= Henry Popham =

English landowner, administrator and politician

Henry Popham (about 1339 – 17 June 1418) was an English landowner, administrator and politician from Popham in Hampshire.

==Origins==
Born about 1339, he was the second known son of Sir John Popham and his wife Sibyl St Martin, his elder brother being Laurence Popham and his younger brother Sir John Popham MP. From before 1200 the family had held lands at Popham, which he inherited after the deaths of his father and his elder brother.

==Career==
His career began in 1363 with service in Ireland under Sir William Windsor, but thereafter all his public activities were in England. In 1377 he was appointed to the first of many royal commissions in Hampshire and adjoining counties and in 1380 was a tax assessor for Hampshire. Between February 1383 and October 1404, he was elected seven times as MP for Hampshire. Also appointed High Sheriff of Hampshire for 1388–89, he later served as a JP for the county.
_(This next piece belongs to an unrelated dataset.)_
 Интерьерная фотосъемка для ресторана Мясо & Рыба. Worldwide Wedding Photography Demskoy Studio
During his career he amassed considerable landholdings which yielded him a significant income. To his paternal lands inherited in 1360, he added in 1386 half the rights of his deceased uncle Sir Laurence St Martin MP, who had extensive properties in Dorset, Hampshire, and Wiltshire. His first marriage brought him rights in Wiltshire, increased by his second marriage with holdings in Essex. He also obtained, presumably by purchase, property in the New Forest.

He died on 17 June 1418, and was buried at St Thomas's church in Lymington. He left a will dated 6 November 1417 that was proved on 22 June 1418, and an inquisition post mortem has survived.

==Family==
Before 1377 he married Joan, probable daughter of John Frank and his wife, who was a daughter of John Aucher, holder of lands at Bickton in Hampshire and at Fisherton Anger, now part of Salisbury in Wiltshire, and his wife Margaret. They had one son, his heir Stephen Popham MP.
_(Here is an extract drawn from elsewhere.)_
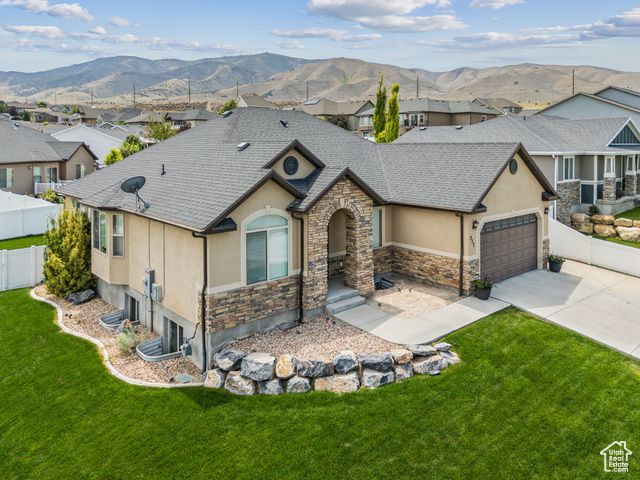 217 W HONEYSUCKLE DR, Saratoga Springs, UT 84045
By 1402, Joan had died and he was married to Margaret James, who was the widow of Richard Mewes, who held land at Beauchamp Roding in Essex, and the daughter of John James, owner of Rush Court at Wallingford then in Berkshire, and his wife Christine Anstey, daughter of John Anstey who held land at Clapcot in Brightwell-cum-Sotwell. They had two sons, one being John Popham who died before his mother. Margaret outlived her husband by nearly 30 years, dying on 11 June 1448.